From a clinical standpoint, higher output factors are desirable as overall treatment time is minimized. This is particularly important for the treatment of functional disorders such as trigeminal neuralgia and tremors which are commonly treated with 4 mm collimators and require single fraction doses of up to 80 and 150 Gy, respectively. In these cases, optimized collimator alignment also produces a high degree of dose conformality due to the reduced penumbra.
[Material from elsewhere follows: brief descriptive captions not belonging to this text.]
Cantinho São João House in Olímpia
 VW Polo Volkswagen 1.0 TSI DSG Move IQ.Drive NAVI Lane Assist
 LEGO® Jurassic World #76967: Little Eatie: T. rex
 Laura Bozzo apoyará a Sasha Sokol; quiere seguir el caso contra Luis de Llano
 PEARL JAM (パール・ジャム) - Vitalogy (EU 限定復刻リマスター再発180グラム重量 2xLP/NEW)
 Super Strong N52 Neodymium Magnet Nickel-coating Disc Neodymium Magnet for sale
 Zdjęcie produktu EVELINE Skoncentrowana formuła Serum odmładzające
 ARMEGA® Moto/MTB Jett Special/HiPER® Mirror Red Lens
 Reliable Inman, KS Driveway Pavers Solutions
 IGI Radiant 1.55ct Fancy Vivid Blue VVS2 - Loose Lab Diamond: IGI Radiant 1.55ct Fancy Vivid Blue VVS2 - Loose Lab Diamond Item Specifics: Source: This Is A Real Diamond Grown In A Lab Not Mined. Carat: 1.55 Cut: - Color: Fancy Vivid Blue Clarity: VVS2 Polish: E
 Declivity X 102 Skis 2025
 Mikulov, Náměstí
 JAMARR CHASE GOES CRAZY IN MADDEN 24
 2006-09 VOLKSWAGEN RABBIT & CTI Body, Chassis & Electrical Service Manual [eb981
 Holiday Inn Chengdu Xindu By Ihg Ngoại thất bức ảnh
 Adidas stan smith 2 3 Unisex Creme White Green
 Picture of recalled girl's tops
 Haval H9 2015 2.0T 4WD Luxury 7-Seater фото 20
In order to optimize the collimator alignment, the unit was placed in “service” mode which allows the operator to control the position of the secondary collimator hemisphere with respect to the stationary primary source hemisphere. For a given collimator size, the primary hemisphere was held stationary while the secondary hemisphere was rotated in 0.5^o increments. For each angle, the output was measured with the ionization chamber and rate meter as previously described. This procedure was repeated until the maximum output was recorded. The position of the secondary collimator hemisphere with respect to the primary source hemisphere was entered into the system and this was considered to be the optimum alignment for that particular collimator. This optimization procedure was repeated for each of the four collimators.

CONCLUSIONS

Overall, the RGS_OC compares favorably with previous RGSs: the mechanical accuracy is similar while the dose profiles are superior as illustrated by the narrower 50-90% penumbra. Perhaps most importantly, the 4 mm collimator output factor has been optimized resulting in significant reduction in treatment times. The output factors of the RGS_OC are similar to those of the LGK and, in some cases, the dose profiles are better as evidenced by narrower penumbra. Taken together, the results provide a high degree of confidence for the clinical suitability of the RGS_OC.